We proceeded to spend 3 days kayaking, clamming, crabbing, fishing and reading in what has to be one of the most beautiful peaceful spots on the planet. We got so friendly with the local wildlife, I arranged a special photo shoot with my friend Segrit the Egret who was kind enough to pose for me as the sun set behind her:
And, while I managed to avoid the subject of PR and Social Media Measurement for almost the entire three days, there is, nonetheless, a reason I'm writing about this in a PR measurement blog.
It all got me to thinking about reputation measurement and how, when I mentioned I was going to NJ, the most frequent response was that NJ and vacation in the same sentence constituted an oxymoron. Yet tourism is the second biggest industry in the state.

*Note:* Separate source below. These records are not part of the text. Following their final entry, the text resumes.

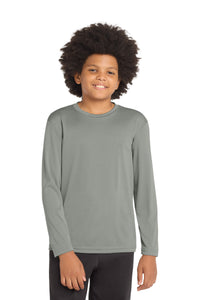 Sport-Tek Youth Long Sleeve PosiCharge Competitor Tee - Grey Concrete Heather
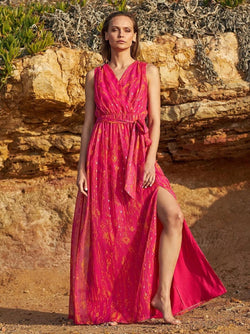 SARDINIA maxi dress with gold details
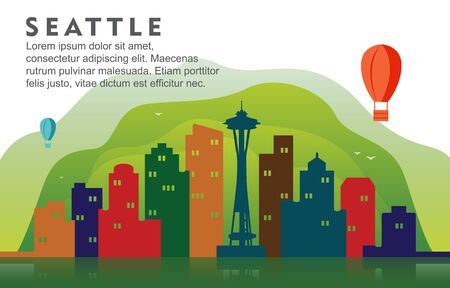 Seattle Washington City Building Cityscape Skyline Dynamic Background Illustrationのイラスト素材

And with places like this, (that's a link to all 200+ pictures I took while I was there ) it's not surprising.
But my point is in this YouTube and Flickr dominated era, we are all well aware of how reputations can be destroyed in a flash (and frequently without a flash). But they can also be changed by the same technology. Simply by showing them surprising photos of a place that you always associated with refineries and turnpikes, I've changed people's opinions. So next time you're looking at your most recent image survey, trying to figure out what to do about it, don't spend hours trying to refine the message. Just remember that a few photos and/or one YouTube video is worth far more than a thousand words.